Sobre o direito à vida

A Eu Decido acredita que a vida é um direito, não um dever.

Acredita, ainda, que a pessoa é a única protagonista da sua vida e a única que pode decidir sobre seus cuidados de saúde, em especial, sobre seu fim de vida.

Sobre o direito à morte

A Eu Decido acredita que a morte faz parte da vida e reconhece a importância de conversar a respeito desse estágio natural da existência.

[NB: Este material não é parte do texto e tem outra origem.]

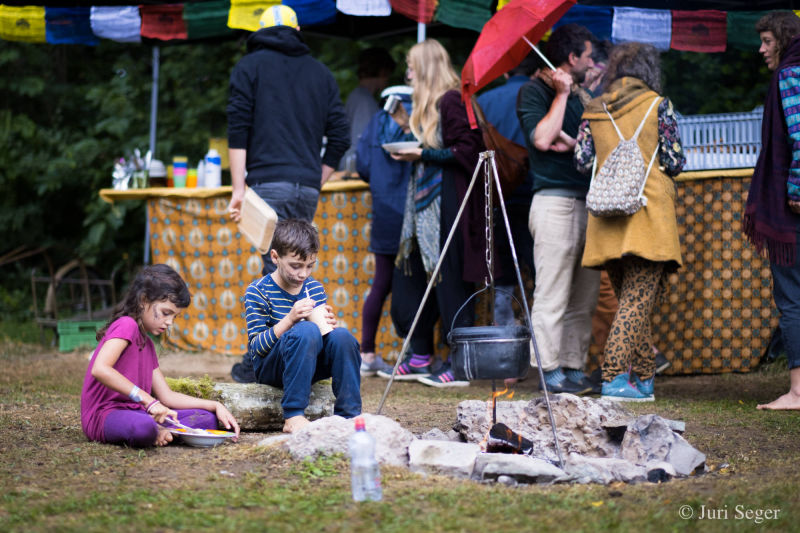 Summer Gathering — Foto 42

Esse momento único e particular deve ser vivido conforme desejos e crenças de cada um, com ampla liberdade e autonomia.

Acredita, também, que morrer com dignidade é um direito humano fundamental e que ninguém deve ser obrigado a viver com um sofrimento que considera ser insuportável.

Entende que o suicídio é uma questão importante de saúde pública e que deve ser objeto de ações específicas do Poder Público.

Assim, entende a boa morte, com o máximo possível de autonomia, como um valor social.

Sobre o direito à autodeterminação e à morte assistida

A Eu Decido acredita no direito à autodeterminação da pessoa em suas decisões de vida e morte.

Por isso sustenta que cabe a cada pessoa valorar o que é uma boa morte.

Sustenta, também, que cabe apenas à pessoa definir o que considera ser um sofrimento insuportável.

Defende o direito à morte assistida de qualquer pessoa maior de 18 (dezoito) anos, capaz para os atos da vida civil, competente para tomar decisões de modo consciente e independente, que esteja sofrendo de modo que considere insuportável, por conta de doença terminal e/ou incurável, incapacitação grave e/ou irreversível, ou padecimento decorrente de envelhecimento avançado.

Nesse momento, outros grupos de pessoas, notadamente menores de 18 anos e pessoas em sofrimento existencial ou mental (sem uma condição física subjacente), estão fora do escopo de atuação direta da Eu Decido. Embora reconheçamos seu sofrimento, e sejamos solidários com ele, ainda não há um consenso no movimento mundial pelos direitos de fim de vida sobre como atuar nessas situações. Defendemos que esses casos sejam estudados e debatidos.

Sobre o direito a morrer com dignidade

 A Eu Decido defende que toda pessoa tem direito a morrer com dignidade e que o exercício deste direito pode se dar de quatro formas – não excludentes – , a saber:

(I)                  Recusa terapêutica

(II)                Acesso aos cuidados paliativos

(III)               Morte assistida

(IV)              Não iniciação ou suspensão de tratamentos que tenham o objetivo de prolongar o processo de morrer

Apoia os cuidados paliativos e o acesso a esta abordagem como direito humano a ser garantido desde o diagnóstico de doença ameaçadora da vida ou sofrimento intolerável. 

O que não fazemos 

A Eu Decido não encoraja o suicídio. 

A Eu Decido não fornece meios para a morte assistida, não auxilia nesse procedimento e nem intermedia tratativas com organizações internacionais.

O que queremos

Atuar para que a morte assistida seja reconhecida como um direito no Brasil e esteja disponível para todos os que a escolherem.

Além de compartilhar dados, fomentar conhecimento e incentivar o debate sobre os temas propostos pela associação e de interesse coletivo, munindo a população brasileira de informações sobre suas opções no fim de vida.

Apoiar o respeito à recusa terapêutica e ao acesso aos cuidados paliativos, informar e incentivar a feitura das diversas espécies de documentos de diretivas antecipadas de vontade – como testamento vital, procuração para cuidados de saúde, diretivas para demência e diretivas para parada voluntária de comer e beber.

Sensibilizar formadores de opinião, promover intercâmbio entre especialistas e entidades que defendam os direitos aqui mencionados, conselhos profissionais das áreas de saúde, atuar junto aos Poderes Legislativo, Judiciário e Executivo, para estabelecer diálogo entre as autoridades brasileiras em todos os níveis.